Pretty much didn't happen - in bioinformatics anyway. But I think this was because I was overly-optimistic about how much of the infrastructure would exist in this semantic web world. It is worth though that Google's agents (web crawlers) do use rich snippets tags which includes an RDFa version about products on web pages to help populate the 'shopping' search you see. So I was a bit off the mark but not completely.

That biological triples would be championed by all.
I think this has definitely been wrong up until very recently and in some ways I am guilty of being sucked in by the hype - by the promise that integrating all of our RDF data would bring. This year though, the EBI has started an RDF Frontier group to trial this work. You can see the work Simon and I have be doing at our FGPT Atlas RDF page to see how this is progressing - well so far I'd say. I was a bit premature on this prediction. Which leads me on nicely to...

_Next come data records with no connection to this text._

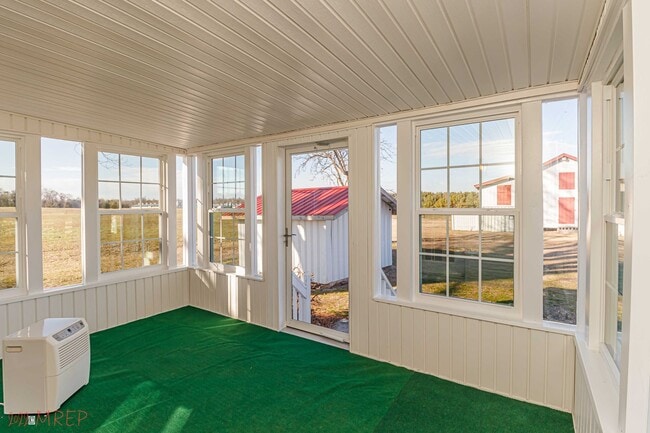 Building Photo - RENOVATED FARMHOUSE in Mt. Olive!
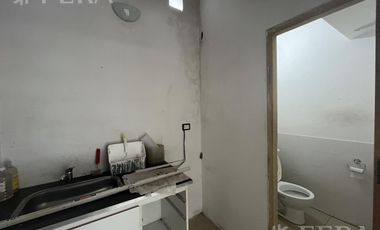 Venta local de 3 pisos en Wilde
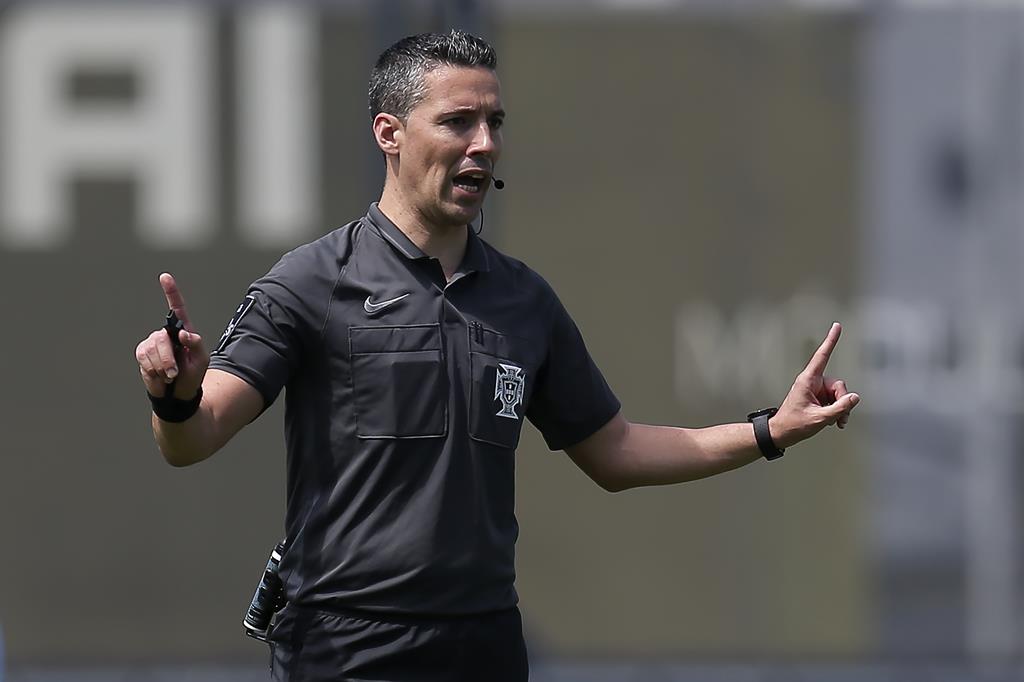 Fatih Karagümrük maçının VAR hakemi Portekizli Andre Narciso'yu yerinde müdahaleler ile verdiği doğru kararlardan dolayı tebrik ediyoruz.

October 2012 - My future ontology predictions for the next five years


The number of reference ontologies will level off (and some will disappear) and natural 'winner' will emerge.
I make a deliberate distinction here by saying 'reference' ontologies as I think the number of ontologies put together for applications will likely increase but they are unlikely to be considered as references for a domain. I think funding for building these reference ontologies will fall and some may even become moribund sadly. But a lot of the important ones will live on and continue to develop. The natural winners - ontologies that become the de facto choice for a domain will emerge. We will need to find ways of using these ontologies that does not necessitate building a whole new reference ontology.

Upper ontologies will play a less important role in the community.
Some might say 'about time' but I do think they've had a role to play and have helped with some things even if the approach of those involved has been, shall we say, less than endearing. But I think their domination in every discussion about whether an ontology is 'good' and how an ontology fits into an upper ontology will decline in favour of focusing on how we can use the ontologies to describe our data and do biology.

Use of ontologies and semantic web technologies in Bioinformatics will become ubiquitous.
This is ambitious but I think it should and will happen. I'm convinced, even from some of the early prototyping work we've been doing, there is enough data out there now that warrant applications for biologists to use.

Publishers will curate literature using ontologies and make the API to these annotations public.
I think the great work that happens already in GoPubMed should happen for more ontologies and for more publishers. It's just great. For more on this I refer you to Phil Lord who wages a one-man war for more semantics in publications (amongst other improvements in the industry).

Google will endorse the semantic web.
Or they will at least admit that it's useful. They already use semantics this with rich snippets. I'd like to see them support this area of web science and I think they, eventually, will. If they outwardly endorsed this, then who knows, certainly I think more people would use semantics when publishing their data on the web.

I'd love to hear more from those in the community who are willing to stick a stake in the ground.